There is a neat way to connect arduino to your breadboard and avoid all those crazy and loose jumper wires: the phi-connect shield.

The phi-connect stackable version can be stacked below shields so you can benefit from both shield functions and a large breadboard and easy to switch projects in and out.

As you can see from the top to bottom is an arduino shield (phi-2 shield), phi-connect shield that passes all arduino connections to the breadboard via an IDE hard drive cable, and the arduino.

Now you know how useful an old IDE hard drive cable can be.
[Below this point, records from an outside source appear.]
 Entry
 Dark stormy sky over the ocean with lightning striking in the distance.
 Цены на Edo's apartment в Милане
But hold on before you star using just any IDE hard drive cable yet, because you need to get the right cable or otherwise puff, short circuits!
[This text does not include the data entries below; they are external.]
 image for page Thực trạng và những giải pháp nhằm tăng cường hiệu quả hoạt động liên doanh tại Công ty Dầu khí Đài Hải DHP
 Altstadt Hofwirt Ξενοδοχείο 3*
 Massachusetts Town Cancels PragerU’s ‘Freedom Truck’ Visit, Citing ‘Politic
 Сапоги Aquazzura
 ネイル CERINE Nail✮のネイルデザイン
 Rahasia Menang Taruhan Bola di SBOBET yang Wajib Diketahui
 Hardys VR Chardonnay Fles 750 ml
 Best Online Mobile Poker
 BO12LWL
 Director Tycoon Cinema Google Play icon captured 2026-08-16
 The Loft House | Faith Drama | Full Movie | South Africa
Here is why: newer IDE cables (aka 40-connection 80-wire ribbon cables) are made so that many of the connections are all connected together to ground. So if you’re not careful, you will short your circuit or at least ground some signals and make your project malfunction. So what kind of IDE cable should you use? 40-connection 40-wire cable. Make sure you could 40 wires on the ribbon. You can also use old floppy drive cables, which are 34 wires, so less connections.

Here is a comparison of 40-wire (left, often having 28AWG marked on it) and 80-wire (right, often having 30AWG marked on it) IDE cables, make sure use the 40-wire!!!
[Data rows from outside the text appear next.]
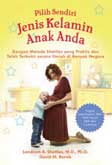 Cover Buku Pilih Sendiri Jenis Kelamin Anak Anda
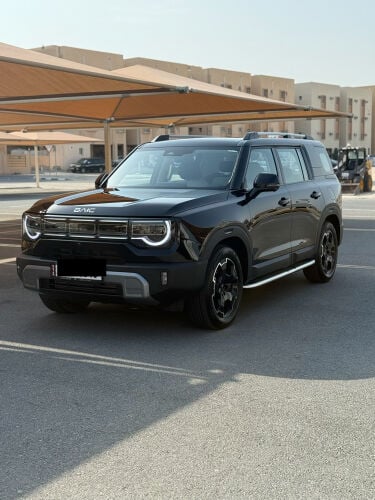 BAIC BJ30 2025 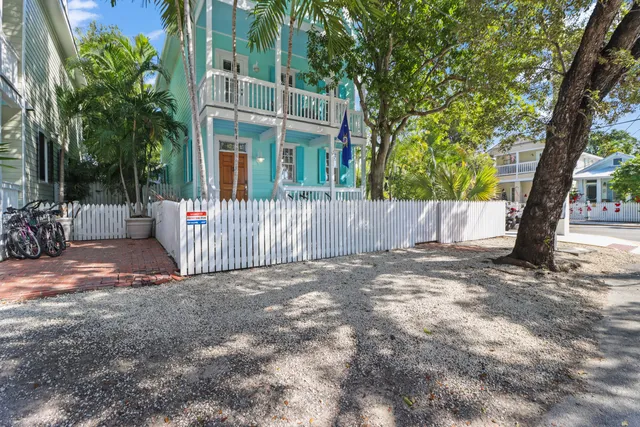 $2,949,000 | 1223 Margaret Street, Unit 4, Key West, FL 33040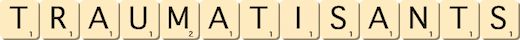 traumatisants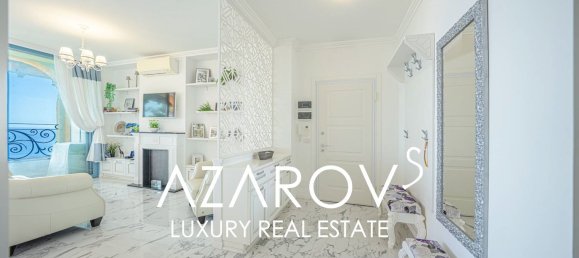 3 chambres Appartement à Ospedaletti, Italy No. 374606 19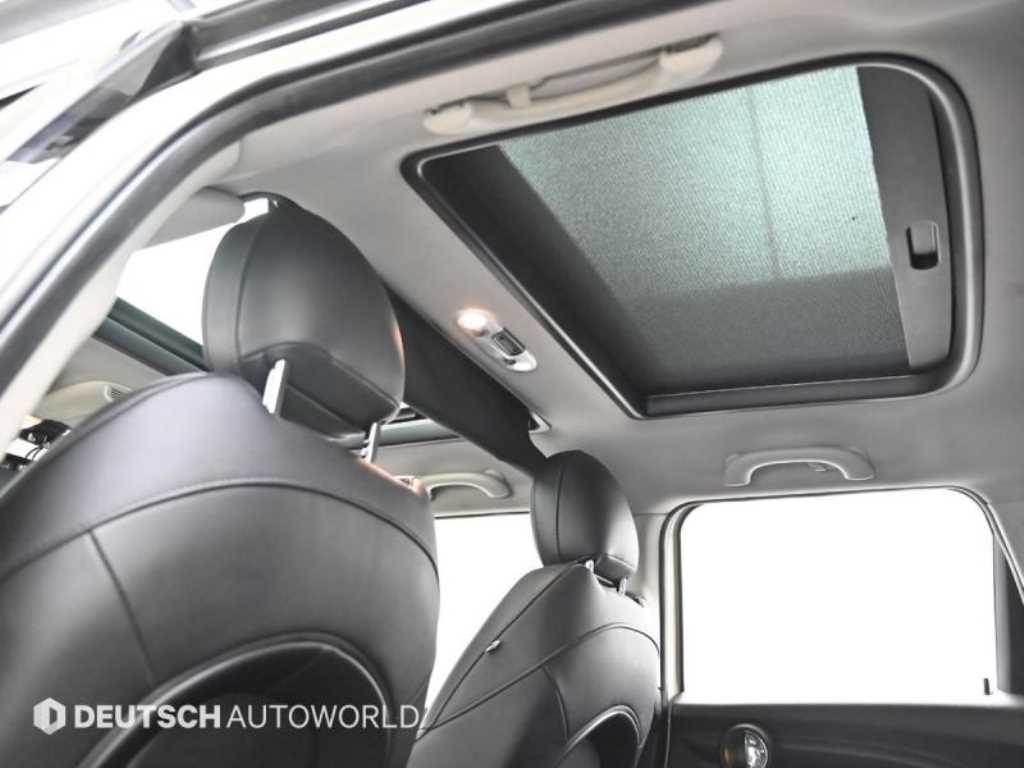 Mini Cooper 2015 the color of pearl - Importación desde Corea - HF Imports Iquique - Foto 19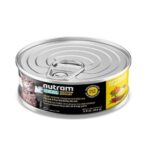 Nutram I12 Weight Control Cat Canned 156g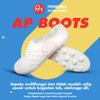 Sepatu Lab Karet AP Boots 963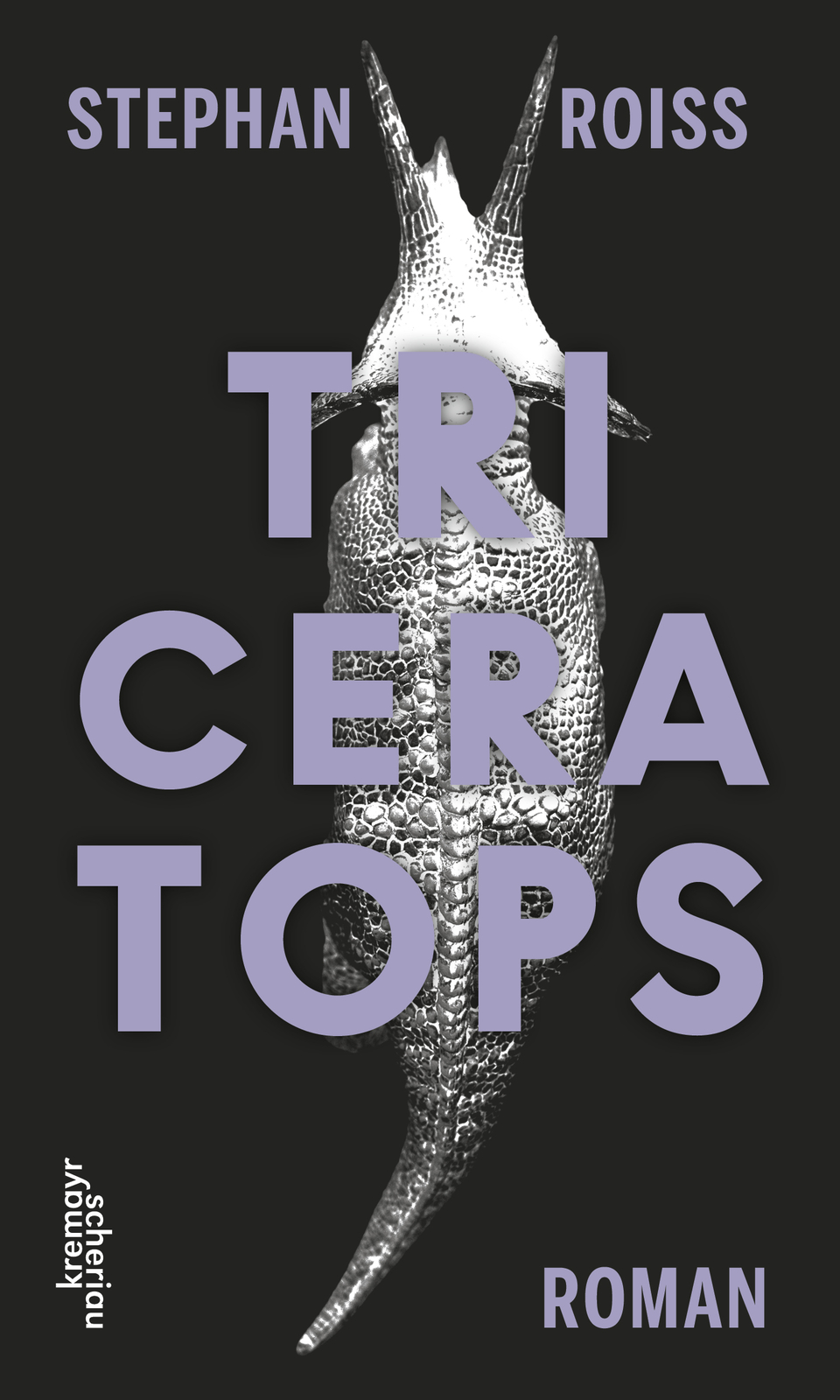 Stephan Roiss / Triceratops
You can connect to an LCD easily with such a ribbon cable to arduino.

(If you look closely I actually used an 80-wire cable, which made my life much harder. Don’t do it!)

Here is the wiki page on this topic:

http://en.wikipedia.org/wiki/Parallel_ATA

Painful details if you want to know, why I don’t recommend 80-wire IDE cables:

OK, that “identical” look between the two versions (40-wire and 80-wire) could fool you and certainly did me about a year ago but after some serious problems with my very first try on an LCD I pulled out my multimeter and measured. Those pins “2,19,22,24,26,30, and 40” to are indeed all tied together, plus two pins are N/C too! The newer 80 wire ribbon cables are older 40 ribbon cables are 30AWG (thin wires) and 28AWG (thicker wires). A closer look will be enough to tell, although only if someone has one type at hand then they’ll have to read (hint: keyword 30AWG on cable) or count (hint:superfine permanent marker comes handy).

The media are no different, plain cables. But the connectors are very different if you pry them open. The oldie 40-wire version has two rows of sharp cutters ( I don’t have a name for the part that cuts through insulation and makes metal-to-metal contact). Top row is odd pins and bottom row is even pins (or the other way around if you hold protrusions on the connector downward. All those are individually connected to their female pins. If you open a connector on a newer 80-wire version, there are three rows of sharp cutters. Besides the top row (odd pins) and bottom row (even pins), the middle row is all interconnected one piece of metal. It cuts every other wires, plus those positions corresponding to pins 2,19,22,24,26,30, and 40 on the female connector. The “41-80” wires are meant to be every other wire on the ribbon cable and are also grounded for higher speed communication. They don’t make to the connector’s other side, only the first 40 do (minus 1 behind a mechanical key).

When I was designing my phi-connect shield for prototyping breadboard, I studied these two types of cables over and over with online materials and checked every ground pin with my multimeter and I decided to go with 40-wire cables for simplicity. Thicker wires and simple connection scheme against benefit of every other wire being grounded but complex connection scheme I made my choice. I think I did my homework.